Sometimes when I’m walking down a lonely dirt road the crunch of my boots on the gravel comfort me because it means I’m moving and I’m mobile. Those little sounds tinkle into my ears and I am absorbed into a zen like state. It Doesn’t much matter to me that the world has gone to hell, because if you ask me, the world has always been hell.
My name’s Rufo and if you ask me, all this world’s cut out for, is a slow draining of your goodness till your left an animal waiting to be put down by the merciful hand of God. Your lucky if you start out good. Then the world has its way with you and if your extra sane like me, it takes chunks of you away, a little at a time until people who thought they knew you can’t recognize you anymore, and even your own reflection is a misery.

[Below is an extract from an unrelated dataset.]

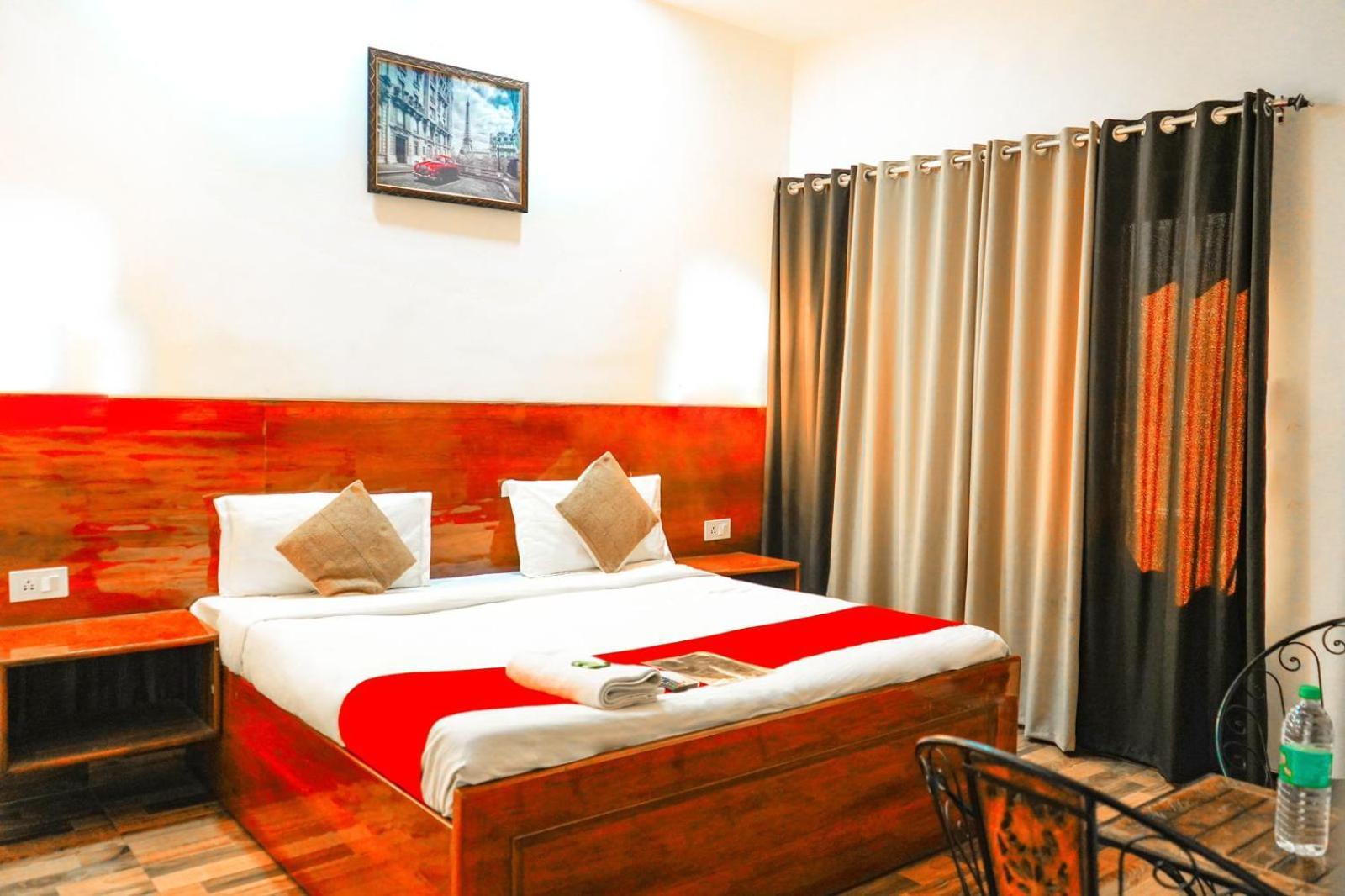 Golden House Guest house *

Yeah, the zombies roam, itching to tear out your innards and pack a lunch, but honestly, its not so bad. There’s a great comfort that comes from the mantra of shelter, water and fire repeat. Its familiar and wholesome like a mother’s hug. It keeps you going.
Its not fun to run into bandits, but it is fun when you can get the drop on them or maybe save a group from being waylayed. Those who you save look at you like your a savior and it is impossible for them to see your inner damages because the sunlight after salvation is too bright and too warm. Society crumbling was the best thing that ever happened to a piece of crap like me. Anarchists aren’t really built to thrive in polite-savage society. I had nothing to offer ultimately, but mistake after mistake. When the shit house went to flame I was given a new chance. I don’t deserve it, but hear it is. God is good.